Imam Ibnu Hajar al Asqalani juga menjelaskan dengan
perkataannya :
وَلَيْسَ قَوْلُنَا إِنَّ اللَّهَ عَلَى الْعَرْشِ أَيْ مُمَاسٌّ لَهُ أَوْ
مُتَمَكِّنٌ فِيهِ أَوْ مُتَحَيِّزٌ فِي جِهَةٍ مِنْ جِهَاتِهِ بَلْ هُوَ خَبَرٌ
جَاءَ بِهِ التَّوْقِيْفُ فَقُلْنَا لَهُ بِهِ وَنَفَيْنَا عَنْهُ التَّكْيِيفَ
إِذْ لَيْسَ كَمِثْلِهِ شَيْءٌ وَبِاللَّهِ التَّوْفِيقُ
Perkataan kami sesungguhnya Allah di atas Arsy
maksudnya bukan Allah yang menyentuh Arsy atau yang berada di atasnya atau yang
menetap pada satu arah dari arah-arah Arsy, tetapi yang demikian adalah kabar
dari al Quran dan Sunnah, maka kami berkata dengannya dan kami meniadakan
darinya kaifiyah, karena tidak ada yang menyerupai Nya segala sesuatu apapun.

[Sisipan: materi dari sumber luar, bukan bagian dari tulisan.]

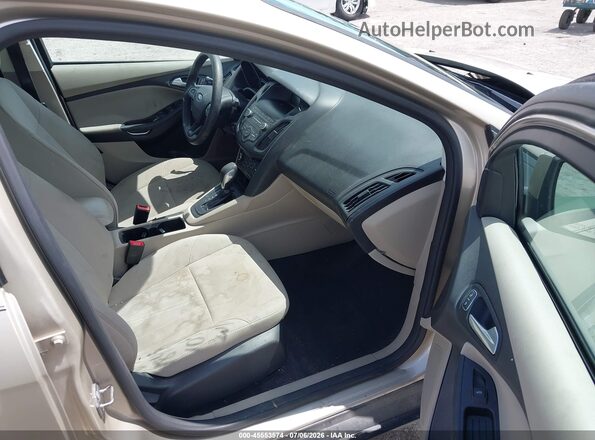 1FADP3F29JL308538 2018 FORD FOCUS Beige Vista interior delantera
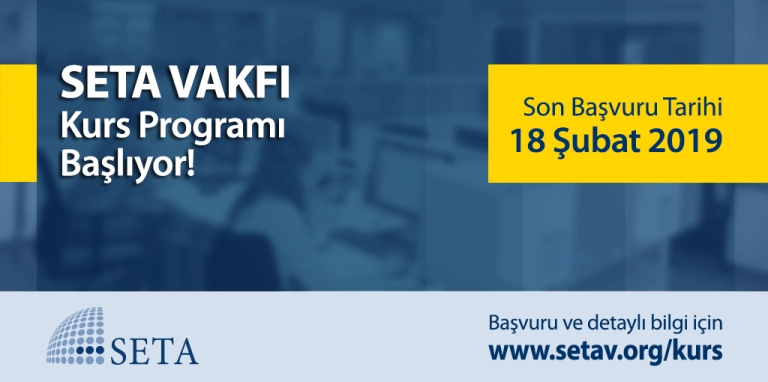 SETA 2019 Bahar Dönemi Kurs Programı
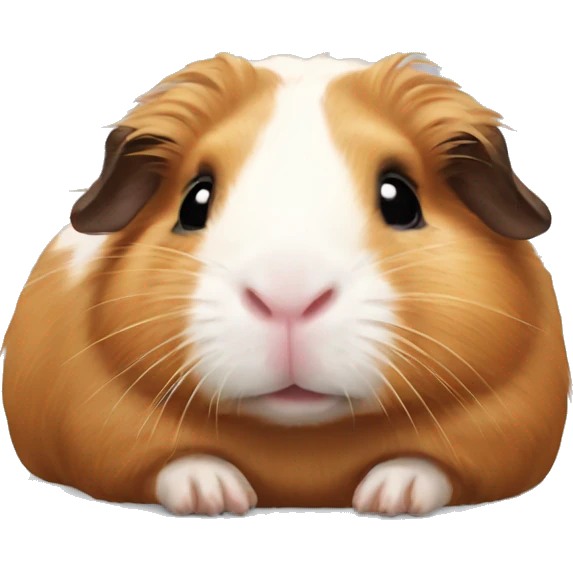 Guineapig laying down very cute but realistic emoji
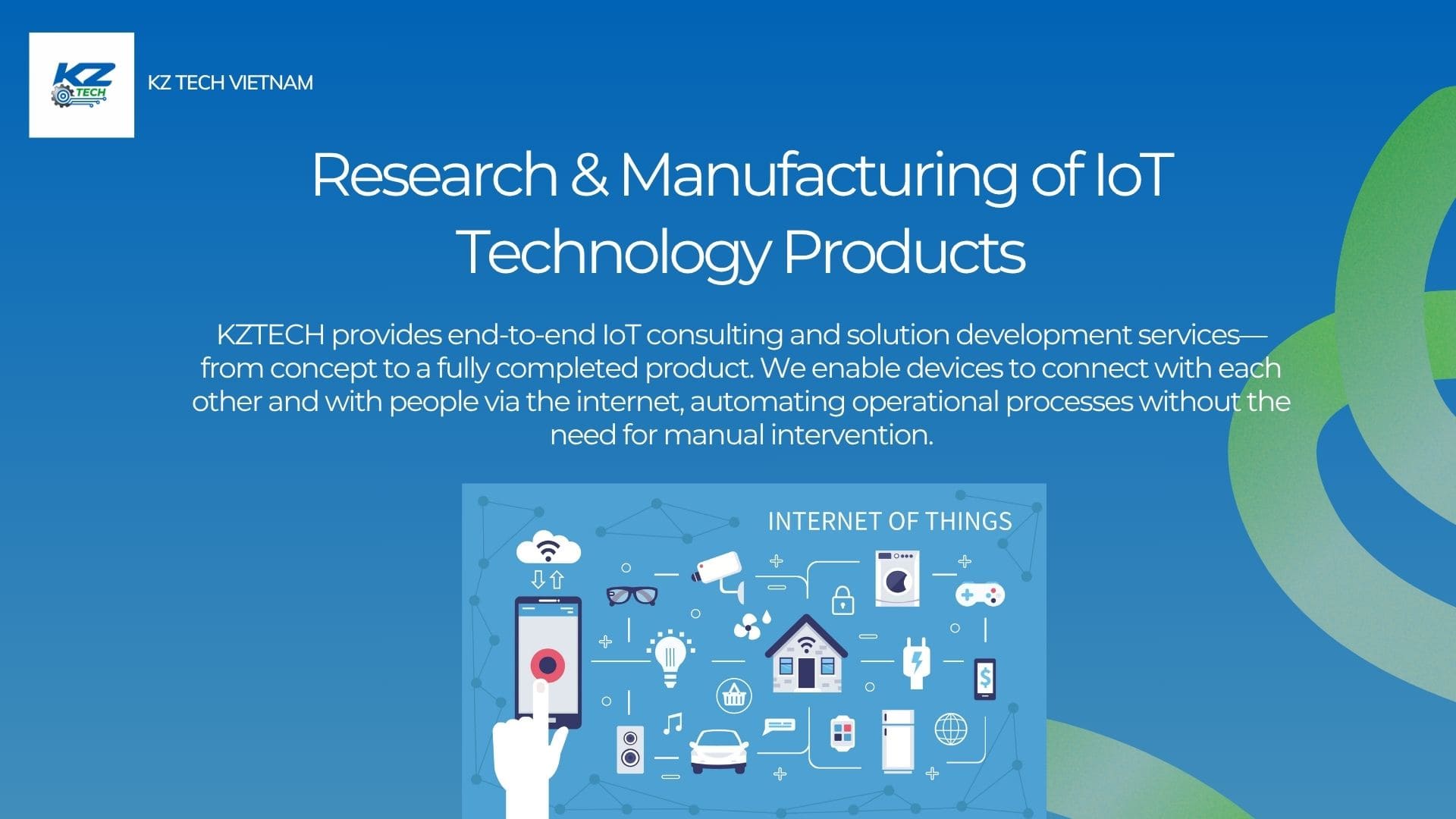 Research & Manufacturing of IoT Technology Products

Semoga Allah memberikan taufiq.
[Kitab Fathul Baari 13/413]
Faktanya apa yang dijelaskan oleh Imam Ibnu Bathal dan
Imam Ibnu Hajar al Asqalani membantah keyakinan Ustad Firanda. Seandainya kami
tidak menjawab Ustad Firanda niscaya orang-orang awam akan menyangka bahwa Imam
Ibnu Bathal, Imam Ibnu Hajar al Asqalani dan Imam Bukhari memiliki keyakinan
yang sama dengan Ustad Firanda. Jelas itu adalah fitnah yang keji terhadap para
ulama ahlussunnah wal jama'ah. Semoga Allah menjaga umat muslim dari fitnah
Wahabi.
Ustad Firanda juga
menyebut nama Imam adz Dzahabi dengan perkataannya " Pendalilan Imam Al-Bukhari ini telah diisyaratkan oleh Imam
Adz-Dzahabi dalam perkataannya (di dalam kitab al Uluw lil 'Aliyyil Goffar)". Namun lagi-lagi Ustad Firanda tidak jujur dan
tidak adil di dalam menukil kitab ulama. Karena seandainya jujur dan adil
seharunya menukilkan juga penjelasan Imam adz Dzahabi di dalam kitab al Uluw
lil 'Aliyyil Goffar yang menjelaskan para ulama salaf mentafwidh makna dengan
mengutip perkataan Imam Haramain seorang ulama besar Asy'ariyyah :
وَذَهَبَ أَئِمَّةُ السَّلَفِ إِلَى الْاِنْكِفَافَ
عَنِ التَّأْوِيْل وإجراء الظَّوَاهِر على مواردها وتفويض مَعَانِيهَا إِلَى الرب
عزوجل
Para Imam
Salaf menempuh jalan tidak mentakwil dan menetapkan redaksi-redaksi sifat
sesuai pada tempat-tempatnya dan mentafwidh makna-maknanya kepada ar Rabb
(Allah) 'azza wa jalla.
[Kitab al
Uluw lil 'Aliyyil Goffar 1/257]
Penjelasan
Imam adz Dzahabi jelas membantah keyakinan Ustad Firanda, karena orang-orang
seperti Ustad Firanda sudah tentu tidak mentafwidh makna, melainkan meyakini
makna istawa dan fauqiyah secara tekstualis. Demikianlah fitnah-fitnah yang diciptakan
kaum tekstualis, di mana mereka mengutip ayat-ayat mutasyabihat untuk membuat
fitnah dan menentukan maknanya sesuai dengan makna sesat yang mereka kehendaki.